Pakistan set to review 'war on terror' role

Pakistan US
Former Pakistani Prime Minister Nawaz Sharif, right, talks with U.S. Deputy Secretary of State John Negroponte, center, as Assistant Secretary of State for South Asia Richard Boucher, left, takes notes during their meeting in Islamabad, Pakistan, on Tuesday.Zulfiqar Balti / AP
/ Source: The Associated Press

A key figure in Pakistan's new government told two U.S. envoys Tuesday that his country is "no longer a one-man show" and that President Pervez Musharraf's strong-arm tactics against Islamic militants will be scrutinized.

Former Prime Minister Nawaz Sharif's comments came as Musharraf swore in a loyalist of slain opposition leader Benazir Bhutto as the head of a new civilian government.

Deputy Secretary of State John Negroponte and Assistant Secretary of State for South Asia Richard Boucher arrived in Islamabad early Tuesday, held talks with Sharif, then visited Musharraf at the presidential palace.
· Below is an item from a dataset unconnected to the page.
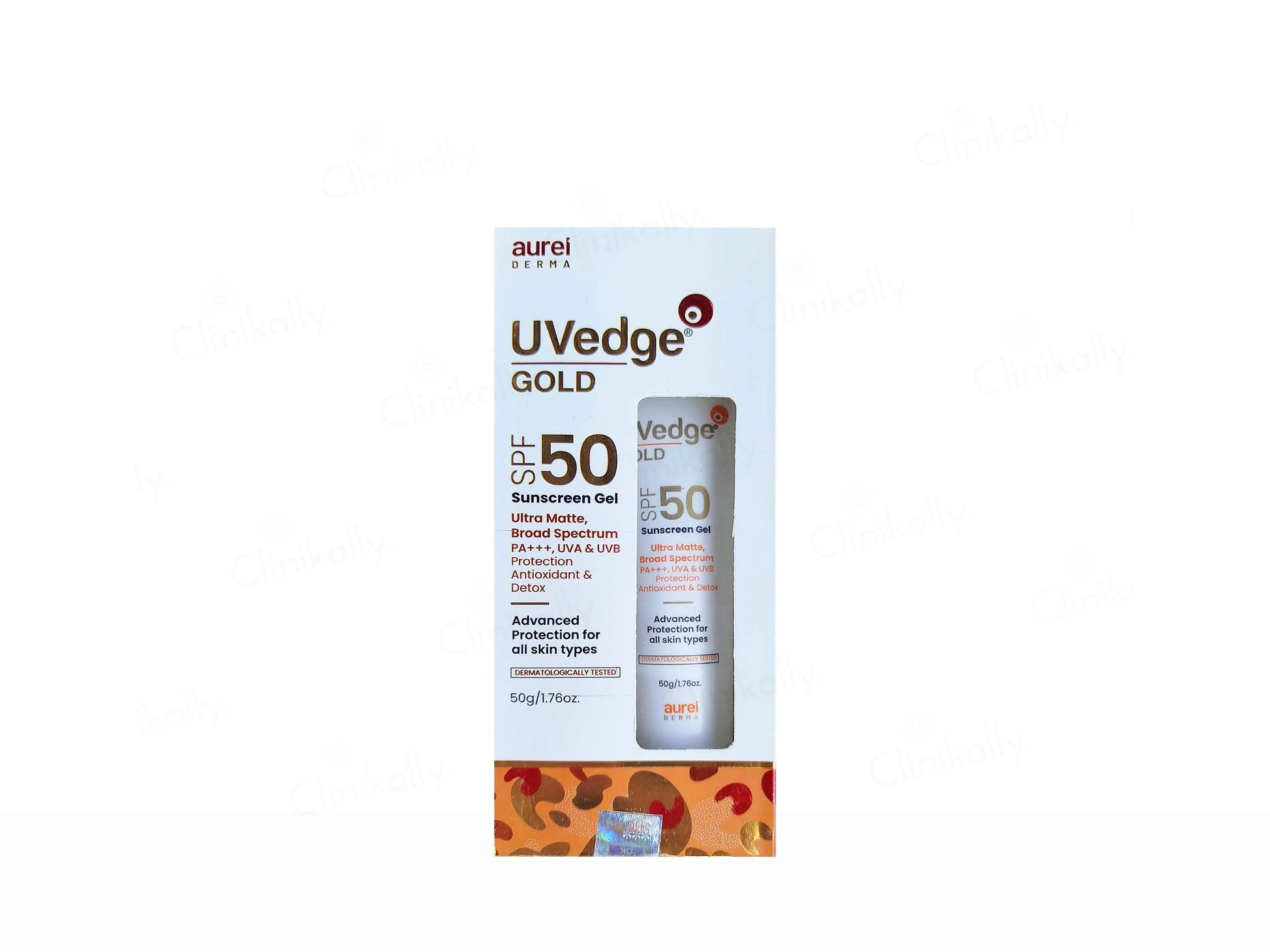 UVedge Gold Ultra Matte Sunscreen Gel SPF 50 PA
They made no public comment on the talks. The envoys also met with army chief Gen. Ashfaq Parvez Kayani and the chief of the military's powerful Inter-Services Intelligence, a U.S. Embassy spokeswoman said.

Sharif, speaking later at a news conference, said he told the envoys that it was "no longer a one-man show in Pakistan" and that the new parliament would decide after exhaustive debate how Pakistan should approach Islamic extremism.

The new coalition formed after February's elections includes Sharif's party. The former prime minister is demanding Musharraf's resignation.

Bloody backlash?
Many Pakistanis resent Musharraf's support of Washington's aggressive campaign against al-Qaida and the Taliban -- which operate in Pakistan's tribal and border regions -- claiming it has stoked a bloody backlash.

The security of Pakistan must not be sacrificed in order to protect other countries, Sharif said.

"It is unacceptable that while giving peace to the world we make our own country a killing field," he said at a news conference.

"If America wants to see itself clean of terrorism, we also want that our villages and towns should not be bombed," he said, an apparent reference to recent air strikes near the Afghan border many Pakistanis blame on U.S. and allied forces.

The new civilian rulers have said they would negotiate with some militant groups -- an approach that has drawn U.S. criticism in the past.

Yousaf Raza Gilani, who will front the incoming civilian-led administration, took the oath from Musharraf Tuesday at a stiff ceremony in Islamabad.

The Bush administration has been a staunch supporter of Musharraf, who has deployed troops along the Afghan border and helped kill or capture a string of al-Qaida leaders. But in recent weeks Washington has started to put some discreet distance between itself and a once "indispensable" ally in the war on terror.